About this exercise:
Please repeat exactly the lines below from the one containing "Фото #5 товара NGS PORT/TFT 45W Charger" down to the one containing "1 Set Lovely", both included, and nothing else.

Data records:

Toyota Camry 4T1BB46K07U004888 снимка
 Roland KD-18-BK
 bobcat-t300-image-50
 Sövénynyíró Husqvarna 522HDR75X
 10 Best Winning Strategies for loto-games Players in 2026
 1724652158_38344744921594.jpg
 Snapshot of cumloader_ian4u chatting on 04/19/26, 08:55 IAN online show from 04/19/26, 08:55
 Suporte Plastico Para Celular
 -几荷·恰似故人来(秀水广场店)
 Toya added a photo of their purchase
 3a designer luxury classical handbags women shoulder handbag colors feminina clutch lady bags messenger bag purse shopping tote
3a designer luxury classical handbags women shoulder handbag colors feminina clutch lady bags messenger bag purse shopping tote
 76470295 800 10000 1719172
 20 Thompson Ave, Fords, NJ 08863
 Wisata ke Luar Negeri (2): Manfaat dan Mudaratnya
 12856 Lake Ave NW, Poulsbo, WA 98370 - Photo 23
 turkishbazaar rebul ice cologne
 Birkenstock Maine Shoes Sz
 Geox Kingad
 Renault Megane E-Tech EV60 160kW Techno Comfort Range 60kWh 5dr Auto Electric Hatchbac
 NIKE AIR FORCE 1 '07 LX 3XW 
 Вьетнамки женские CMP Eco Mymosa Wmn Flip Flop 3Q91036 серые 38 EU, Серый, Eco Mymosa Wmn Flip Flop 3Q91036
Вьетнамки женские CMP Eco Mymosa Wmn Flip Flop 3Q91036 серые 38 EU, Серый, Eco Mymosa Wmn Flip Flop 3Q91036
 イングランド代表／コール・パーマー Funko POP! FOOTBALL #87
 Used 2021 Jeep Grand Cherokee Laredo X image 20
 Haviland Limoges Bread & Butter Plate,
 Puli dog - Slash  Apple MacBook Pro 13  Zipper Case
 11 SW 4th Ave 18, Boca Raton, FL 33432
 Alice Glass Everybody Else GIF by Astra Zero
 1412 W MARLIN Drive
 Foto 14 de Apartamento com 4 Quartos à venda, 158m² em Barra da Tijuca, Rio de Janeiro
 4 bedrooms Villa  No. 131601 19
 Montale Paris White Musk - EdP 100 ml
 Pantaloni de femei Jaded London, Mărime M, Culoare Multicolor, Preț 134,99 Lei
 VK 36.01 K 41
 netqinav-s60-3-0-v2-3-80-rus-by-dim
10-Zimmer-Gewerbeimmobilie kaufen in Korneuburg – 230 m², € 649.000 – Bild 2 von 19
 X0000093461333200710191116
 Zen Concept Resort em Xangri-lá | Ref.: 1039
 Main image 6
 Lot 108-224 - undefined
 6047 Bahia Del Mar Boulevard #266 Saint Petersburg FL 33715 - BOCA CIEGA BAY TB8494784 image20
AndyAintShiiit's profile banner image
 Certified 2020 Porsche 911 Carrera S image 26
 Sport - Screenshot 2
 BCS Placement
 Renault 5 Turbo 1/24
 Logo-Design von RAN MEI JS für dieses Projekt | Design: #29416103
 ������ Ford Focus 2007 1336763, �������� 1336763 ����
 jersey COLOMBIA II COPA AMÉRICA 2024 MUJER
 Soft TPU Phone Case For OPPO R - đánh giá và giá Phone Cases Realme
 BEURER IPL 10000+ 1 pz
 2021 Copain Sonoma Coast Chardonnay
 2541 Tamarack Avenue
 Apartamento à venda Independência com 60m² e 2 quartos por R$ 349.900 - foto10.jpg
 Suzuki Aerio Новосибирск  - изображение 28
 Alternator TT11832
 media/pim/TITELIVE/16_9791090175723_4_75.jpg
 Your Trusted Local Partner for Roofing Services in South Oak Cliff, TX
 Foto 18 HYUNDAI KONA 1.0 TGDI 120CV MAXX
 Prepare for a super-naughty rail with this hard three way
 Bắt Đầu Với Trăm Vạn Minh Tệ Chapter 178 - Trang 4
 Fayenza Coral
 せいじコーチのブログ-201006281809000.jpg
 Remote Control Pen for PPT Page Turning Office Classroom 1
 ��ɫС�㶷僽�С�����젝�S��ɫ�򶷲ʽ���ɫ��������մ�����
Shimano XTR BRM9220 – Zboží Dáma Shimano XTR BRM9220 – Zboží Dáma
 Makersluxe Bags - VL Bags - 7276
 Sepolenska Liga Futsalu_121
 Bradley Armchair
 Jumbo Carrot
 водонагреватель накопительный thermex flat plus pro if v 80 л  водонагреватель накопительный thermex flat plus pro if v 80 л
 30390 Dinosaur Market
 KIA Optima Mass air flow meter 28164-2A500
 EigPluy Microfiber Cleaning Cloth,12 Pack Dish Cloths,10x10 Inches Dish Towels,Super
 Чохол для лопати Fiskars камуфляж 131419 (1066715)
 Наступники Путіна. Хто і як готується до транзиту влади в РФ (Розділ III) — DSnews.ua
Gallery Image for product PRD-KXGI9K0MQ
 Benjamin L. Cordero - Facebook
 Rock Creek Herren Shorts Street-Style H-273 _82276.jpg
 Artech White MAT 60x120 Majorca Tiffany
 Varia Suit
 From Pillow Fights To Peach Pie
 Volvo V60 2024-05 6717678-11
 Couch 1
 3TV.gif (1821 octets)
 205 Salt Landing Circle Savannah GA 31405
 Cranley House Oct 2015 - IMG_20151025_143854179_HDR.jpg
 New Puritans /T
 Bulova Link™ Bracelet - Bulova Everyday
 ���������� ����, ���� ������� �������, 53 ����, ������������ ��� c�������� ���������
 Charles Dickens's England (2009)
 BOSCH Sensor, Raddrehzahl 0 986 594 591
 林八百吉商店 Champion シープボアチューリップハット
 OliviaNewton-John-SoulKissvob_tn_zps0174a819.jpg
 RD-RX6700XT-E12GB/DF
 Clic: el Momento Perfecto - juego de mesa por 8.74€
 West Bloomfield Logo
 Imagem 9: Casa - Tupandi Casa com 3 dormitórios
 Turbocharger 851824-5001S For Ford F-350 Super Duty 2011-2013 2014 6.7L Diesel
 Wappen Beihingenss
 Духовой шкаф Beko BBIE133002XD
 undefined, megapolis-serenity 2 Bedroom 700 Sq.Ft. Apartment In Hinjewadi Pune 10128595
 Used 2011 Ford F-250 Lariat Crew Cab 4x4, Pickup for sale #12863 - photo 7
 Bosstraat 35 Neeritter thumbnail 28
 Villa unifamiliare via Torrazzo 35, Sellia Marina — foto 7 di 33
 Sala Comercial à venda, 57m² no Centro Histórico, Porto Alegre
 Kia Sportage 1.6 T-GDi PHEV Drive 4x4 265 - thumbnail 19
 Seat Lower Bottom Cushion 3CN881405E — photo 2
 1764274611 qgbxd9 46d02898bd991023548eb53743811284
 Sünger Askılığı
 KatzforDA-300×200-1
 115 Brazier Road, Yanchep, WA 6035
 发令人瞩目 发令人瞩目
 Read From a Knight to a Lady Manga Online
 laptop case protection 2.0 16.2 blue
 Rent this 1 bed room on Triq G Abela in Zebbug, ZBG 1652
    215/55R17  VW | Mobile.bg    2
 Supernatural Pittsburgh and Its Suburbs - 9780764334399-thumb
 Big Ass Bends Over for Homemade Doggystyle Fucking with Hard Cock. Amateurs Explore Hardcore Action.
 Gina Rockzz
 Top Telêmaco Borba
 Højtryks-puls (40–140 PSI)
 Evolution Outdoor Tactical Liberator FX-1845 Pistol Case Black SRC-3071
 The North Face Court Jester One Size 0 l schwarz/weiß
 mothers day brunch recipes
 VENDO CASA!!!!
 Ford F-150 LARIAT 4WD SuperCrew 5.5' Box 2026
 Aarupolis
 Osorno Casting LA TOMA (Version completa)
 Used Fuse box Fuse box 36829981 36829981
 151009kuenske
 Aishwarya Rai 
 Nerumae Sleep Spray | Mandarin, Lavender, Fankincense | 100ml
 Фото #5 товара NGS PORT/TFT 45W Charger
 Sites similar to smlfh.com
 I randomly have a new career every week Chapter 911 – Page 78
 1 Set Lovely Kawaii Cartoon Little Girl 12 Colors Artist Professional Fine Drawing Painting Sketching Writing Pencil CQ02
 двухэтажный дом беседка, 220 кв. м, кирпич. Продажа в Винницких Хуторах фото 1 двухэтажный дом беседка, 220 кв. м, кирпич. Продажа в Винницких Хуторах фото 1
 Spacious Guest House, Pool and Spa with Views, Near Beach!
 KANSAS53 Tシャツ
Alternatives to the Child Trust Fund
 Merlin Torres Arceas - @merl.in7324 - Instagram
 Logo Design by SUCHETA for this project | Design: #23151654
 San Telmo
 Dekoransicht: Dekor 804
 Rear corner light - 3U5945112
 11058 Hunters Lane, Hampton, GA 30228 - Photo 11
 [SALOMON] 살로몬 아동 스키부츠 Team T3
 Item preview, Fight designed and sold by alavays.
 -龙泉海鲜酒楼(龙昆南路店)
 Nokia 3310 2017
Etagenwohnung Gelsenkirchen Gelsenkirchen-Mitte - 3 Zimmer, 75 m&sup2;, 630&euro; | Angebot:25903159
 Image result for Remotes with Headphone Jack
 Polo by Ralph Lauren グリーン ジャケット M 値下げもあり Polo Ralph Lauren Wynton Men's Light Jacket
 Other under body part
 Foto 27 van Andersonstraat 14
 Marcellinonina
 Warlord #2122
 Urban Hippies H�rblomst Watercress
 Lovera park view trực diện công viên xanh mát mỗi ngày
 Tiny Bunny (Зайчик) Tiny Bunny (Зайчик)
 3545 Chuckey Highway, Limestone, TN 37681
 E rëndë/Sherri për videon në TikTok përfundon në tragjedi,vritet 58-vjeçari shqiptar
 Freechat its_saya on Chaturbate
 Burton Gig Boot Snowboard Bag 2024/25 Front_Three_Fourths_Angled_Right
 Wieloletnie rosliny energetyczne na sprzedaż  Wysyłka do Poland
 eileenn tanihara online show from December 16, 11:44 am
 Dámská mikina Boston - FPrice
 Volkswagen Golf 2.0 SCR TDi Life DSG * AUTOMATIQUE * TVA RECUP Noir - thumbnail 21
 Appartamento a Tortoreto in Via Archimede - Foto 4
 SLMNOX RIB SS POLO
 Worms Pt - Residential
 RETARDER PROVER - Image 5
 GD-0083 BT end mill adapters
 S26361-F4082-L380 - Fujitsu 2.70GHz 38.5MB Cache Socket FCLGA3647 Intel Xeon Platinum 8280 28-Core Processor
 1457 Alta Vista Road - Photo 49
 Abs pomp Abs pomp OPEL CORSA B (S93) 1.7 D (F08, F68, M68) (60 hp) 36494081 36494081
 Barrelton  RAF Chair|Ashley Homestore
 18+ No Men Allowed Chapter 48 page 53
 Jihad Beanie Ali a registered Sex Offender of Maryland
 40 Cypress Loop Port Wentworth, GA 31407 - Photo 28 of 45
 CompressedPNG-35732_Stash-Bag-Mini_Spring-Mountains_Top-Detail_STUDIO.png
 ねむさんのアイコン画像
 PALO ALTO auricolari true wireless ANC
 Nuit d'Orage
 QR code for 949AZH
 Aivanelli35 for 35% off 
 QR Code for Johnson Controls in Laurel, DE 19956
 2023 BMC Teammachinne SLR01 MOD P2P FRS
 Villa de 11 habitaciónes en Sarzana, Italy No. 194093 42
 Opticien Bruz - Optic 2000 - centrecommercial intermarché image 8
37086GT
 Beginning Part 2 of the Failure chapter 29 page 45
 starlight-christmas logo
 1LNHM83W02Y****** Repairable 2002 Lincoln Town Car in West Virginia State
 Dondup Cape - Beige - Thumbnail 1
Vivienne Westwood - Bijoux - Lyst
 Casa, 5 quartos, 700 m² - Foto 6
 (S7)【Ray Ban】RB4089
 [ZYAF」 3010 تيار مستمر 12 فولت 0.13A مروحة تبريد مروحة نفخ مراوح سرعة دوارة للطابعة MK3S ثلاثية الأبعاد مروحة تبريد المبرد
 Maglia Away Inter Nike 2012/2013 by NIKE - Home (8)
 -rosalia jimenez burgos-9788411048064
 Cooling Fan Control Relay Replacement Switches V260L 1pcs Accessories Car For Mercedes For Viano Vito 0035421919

Reply:
 Фото #5 товара NGS PORT/TFT 45W Charger
 Sites similar to smlfh.com
 I randomly have a new career every week Chapter 911 – Page 78
 1 Set Lovely Kawaii Cartoon Little Girl 12 Colors Artist Professional Fine Drawing Painting Sketching Writing Pencil CQ02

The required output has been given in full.